Showing posts with label milk. Show all posts
Showing posts with label milk. Show all posts

Wednesday, October 12, 2022

Whatsit Wednesday - Chocolate

“Chocolate is cheaper than therapy and you don’t need an appointment.” One of many memes or sayings you can find about chocolate. When chocolate is brought up in the US, it most often has to do with hot chocolate or chocolate chip cookies or some kind of syrup put on ice cream. Nobody is happy when the bite into a chocolate chip cookie and find out that it is actually an oatmeal raisin cookie. 

But if you want chocolate, Belgium is the place to be. The Netherlands has its own storied past as well - putting chocolate spread and chocolate sprinkles on bread - but it is Belgium that continues its love and obsession to this day. Chocolate comes from cacao beans, after all, which come from Congo, which was a Belgian colony. So it seems the Belgians colonized Africa for chocolate. I think most chocolate lovers can understand that perfectly. 

In Belgium, chocolate means pralines. Pralines come in a box. They are all shapes and sizes. They can be milk, white or pure and can come with gooey insides or smooth insides. Brand names like Leonidas, Guylian (the seashells and sea horses), Neuhaus (in Grand Central Station NY) and Godiva offer premium chocolate. You can even go to a special store to buy chocolates - a ‘chocolatey”. Mind you, for a Belgian, not just anything can be called chocolate. 

Years ago, a newspaper revealed that Cadbury’s was not made with cocoa butter. It was basically a bunch of sugar. Belgians were incensed. In 2007 Hershey and Nestle tried to convince the FDA in the US to allow them to use partially hydrogenated vegetable oil instead of cocoa butter and still call their product “chocolate”. 
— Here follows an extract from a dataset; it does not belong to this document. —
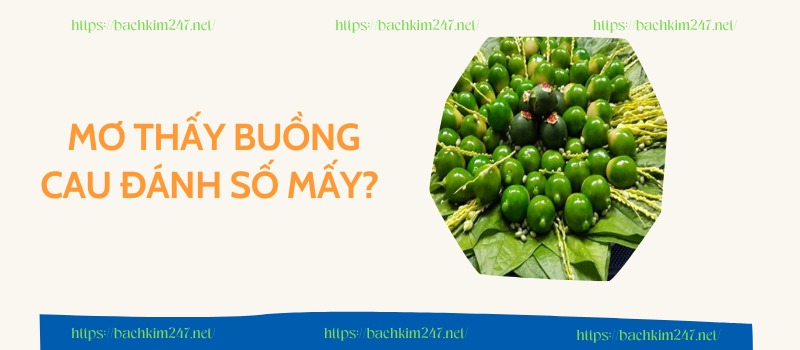 Mơ thấy buồng cau đánh số mấy để trúng thưởng?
So Belgians can be chocolate snobs, which is fine with me. I am one of those people who only likes dark chocolate - called “pure” here. I do not consider white chocolate to be chocolate and milk chocolate makes my tummy do loops. But dark chocolate (pure! Yummmm) just makes the day better. What do you like best and what do you consider a chocolate treat? 


Wednesday, April 13, 2022

Whatsit Wednesday - Kwark

“Oh, you mean yoghurt?” No. “Is it cottage cheese?” No. So what is this white stuff that looks like cottage cheese or yoghurt but is something different and is found in various countries in Europe (including Belgium and the Netherlands)?

In Belgium, it is sometimes called “white cheese” or “flat cheese”. In the Netherlands it is simply called “kwark”. You can put your muesli in it with some fruit. You can spread it on your bread as a substitute for butter or margarine. You can make a sort of cheesecake out of it. But most of all, you can completely enjoy it and know that you are eating something healthy. 

Kwark is high in protein (14 grams per 100g serving) which is double the amount of Greek yoghurt. It is much lower in salt than cottage cheese which often tops out at 406mg per 100g. Kwark has 40mg per 100g. Add to all of those healthy attributes the delicious taste and you have a great food with a strange name.

Kwark (sometimes spelled ‘Quark’ in the US) is made by warming soured milk until it curdles. Lactic acid bacteria are added and the kwark is strained in a cheesecloth. It is hung up (which is where the name of one of the products “hangop” comes from) and results in a firm yet creamy textured product. Kwark is something you can make at home if you can’t find it in the stores. 

In Belgium it has been made for quite some time in Rotselaar, a city where we have brothers and sisters in the church. So far we have only enjoyed singing together and worshipping the Lord. But perhaps in the future we will ask about their “plattekaas” (flat cheese).